RICHMOND, Va. (BP)–Training martyrs.
Those words evoke images of Middle East terrorist groups preparing young zealots for suicide missions. But what awaits the increasing number of young Christian missionaries from the West now venturing into “The Last Frontier” — the most unreached and often most hostile areas of the world?
Missionaries and volunteers of Generation X (born after 1964) are enthusiastically responding to the call to reach unreached peoples. In 1997 alone, 108 new missionaries were assigned by the Southern Baptist International Mission Board to Last Frontier areas and peoples.
Southern Baptists have a “whole crew of people that are literally willing to die for their people group,” one IMB mission personnel specialist was quoted as saying last year. These missionaries “have bought into (the) goal of ‘all peoples, nothing less,'” he said, “and they want to do what it takes to reach their people group.”
The frequent declaration of students considering Last Frontier missions these days is “I want my life to make a difference.
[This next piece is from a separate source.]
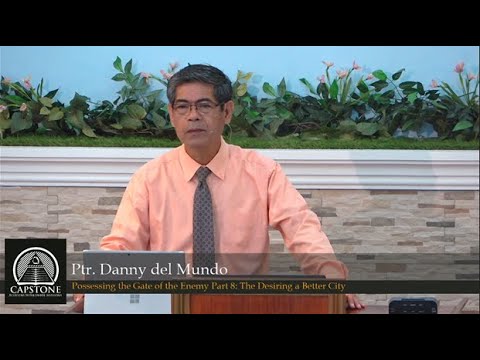 Possessing The Gate of The Enemy Part 8 - Desiring a Better City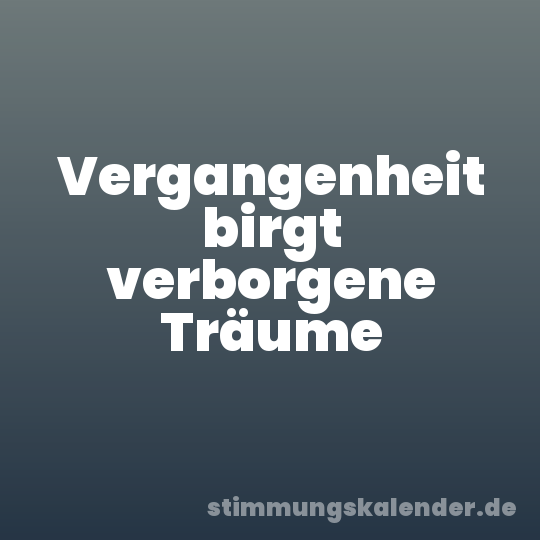 Vergangenheit birgt verborgene Träume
I want a cause worth dying for,” added another IMB strategist.
Some of them may indeed die for it.
Amazingly few of the more than 13,000 missionaries sent abroad by Southern Baptists over the last 150 years have died violent deaths. Even fewer have died as martyrs for the faith, despite the many new fields they have entered.
But the International Mission Board has joined many other Great Commission agencies in an aggressive global strategy to evangelize thousands of people groups still untouched by the gospel. Many of those peoples live in deep spiritual darkness behind walls built by powerful religious and political powers — walls that may not be breached without bloodshed.
In most cases, the blood will come from local believers who give their lives while sharing — or refusing to renounce — their new faith in Christ. However, some missionaries will make the ultimate sacrifice. In a truly global effort to reach the unreached, it’s almost inevitable.
In 1995 alone, 150 international missionaries from various countries were murdered on the field, according to mission agency reports collected by the Global Evangelization Movement. While some probably were crime victims or targets of political violence, others undoubtedly died for the faith.
“We have a responsibility to alert people to the ultimate danger,” stresses John White, IMB associate vice president for overseas operations. “Any of the great movements of God — in Korea, for example — have always been at the loss and shedding of blood of missionaries. It’s a matter of asking ourselves if we really want to have an impact in the (unreached) world. If so, are we willing to pay the price?”
The current U.S. focus on persecution of world Christians could create hysteria or panic among American Christians, warns David Garrison, IMB strategy and mobilization vice president, who has worked intensively in evangelizing the Muslim world.
At least when it comes to missionary martyrdom, “the threat is still greater than the reality,” Garrison observes. “I just don’t see it happening that much. Why martyr somebody when you can just expel them? And yet the threat is adequate to stifle the spread of the gospel, and that is the real intent of the threat.”
Still, are Southern Baptists ready for the martyrdom — however rare it may be — of some of their best young people? Or will we adopt a spiritual version of the “Vietnam Syndrome” still permeating U.S. military strategy? Traumatized by the disastrous Vietnam experience, American generals often refuse to commit forces to battle without an advance guarantee of overwhelming victory, with minimal or no losses.
That may or may not be wise in war. It’s a recipe for timidity in missions.